Sudah sepatutnya proses ini ditafsirkan berdasarkan sebab-sebab alamiah yang berkenaan dengan kemampuan memilih -yang bersumber dari umat manusia. Sebab, tidak mungkin berbagai fenomena sampai muncul ke permukaan tanpa dihasilkan darinya. Maksudnya, upaya memisahkan diri dari agama merupakan akibat yang tak dapat dipisahkan dari paham materialisme yang telah melampaui batas.

Namun, di jalan ini tercakup pula berbagai unsur yang mengandungi tujuan tertentu.
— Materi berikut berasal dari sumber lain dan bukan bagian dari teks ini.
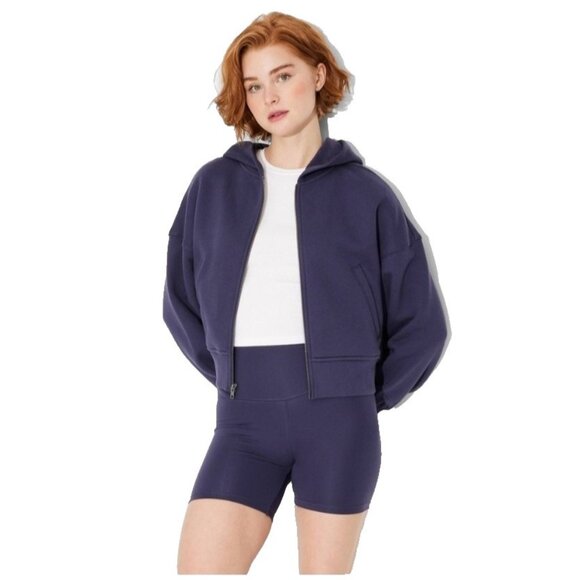 wild fable Tops - Wild Fable Navy Blue Fleece Zip Up Hoodie Hooded Sweatshirt -- Size Medium 8-10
Seluruh kekuatan dunia telah mencapai kata sepakat, yakni menghapus eksistensi agama. Mereka bukan bermaksud menghapuskan nama agama. Melainkan mengenyahkan makna hakiki agama dan agama hakiki nan murni.

Boleh jadi sejumlah fenomena keagamaan dibiarkan eksis; namun itu hanyalah sebuah penampilan lahiriah tanpa isi. Agama semacam ini telah tercabut dari akarnya berupa keimanan yang realistis. Banyak sekali ongkos yang telah dikeluarkan untuk tujuan ini. Akibatnya, banyak sekali orang yang merelakan hilangnya peran agama. Bahkan mereka menganggap, penghilangan ini merupakan keharusan bagi umat manusia untuk hidup di masa kini.
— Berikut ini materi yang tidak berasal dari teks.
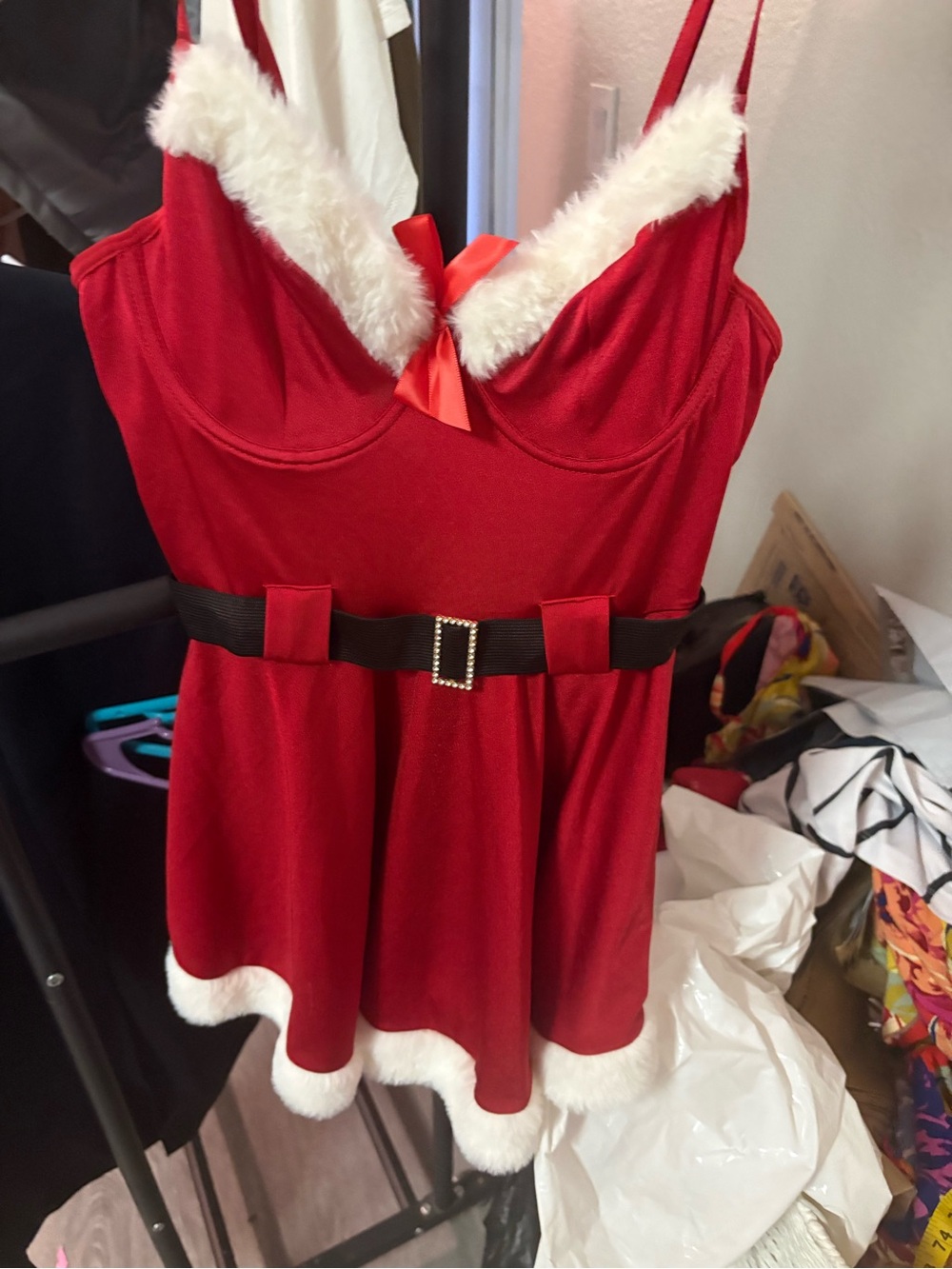 Love Red Holiday Dress with White Faux Fur Trim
Upaya ini tidak semuanya bersumber dari pengkhianatan. Melainkan dari anggapan dan keyakinan bahwa itu (pengenyahan peran agama) memang mau tak mau harus ditempuh. Mereka mengerahkan upaya sebesar-besarnya untuk mengenyahkan segala peran spiritualitas di setiap tempat, termasuk di dunia Islam. Cara yang mereka tempuh di antaranya adalah menulis buku-buku, melakukan aktivitas budaya, propaganda, seraya bersandar pada prinsip kekuatan, dan pemborosan biaya dalam jumlah sangat besar. Semua itu dikerahkan habis-habisan untuk membungkam spiritualitas.
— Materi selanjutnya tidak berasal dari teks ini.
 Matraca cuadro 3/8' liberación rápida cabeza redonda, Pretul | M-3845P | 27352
Baca: Imam Ali Khamenei dan Secarik Kertas di Tangannya

Saat semua mata dan imajinasi tentang masa depan umat manusia tertuju pada keadaan tersebut, tiba-tiba menyeruak kebangkitan ulama religius di Iran pada 1341 Hijriah (tahun 1963). Peristiwa tersebut pada kali pertama tidak begitu menarik perhatian dunia. Namun ternyata ia terus meluas. Ini sama sekali di luar perkiraan banyak pengamat dan analis politik. Lalu momentum itu mulai menguasai lingkungan di sekelilingnya dan secara tiba-tiba berakhir dengan sebuah ledakan maha dahsyat di salah satu wilayah dunia. Saat itulah, kekuatan dunia merasa telah keliru dalam menilai fenomena ini. Lalu mereka berupaya meredamnya, tapi gagal!

Sekonyong-konyong kemudian menyeruak dan tegaklah pemerintahan dan sistem yang berbasis spiritualitas dan agama di belahan dunia yang sangat sensitif ini. Ya, munculnya pemerintahan Republik Islam Iran dan kestabilannya selama beberapa tahun benar-benar sebuah mukjizat; bahkan segala yang ada di dalamnya merupakan mukjizat.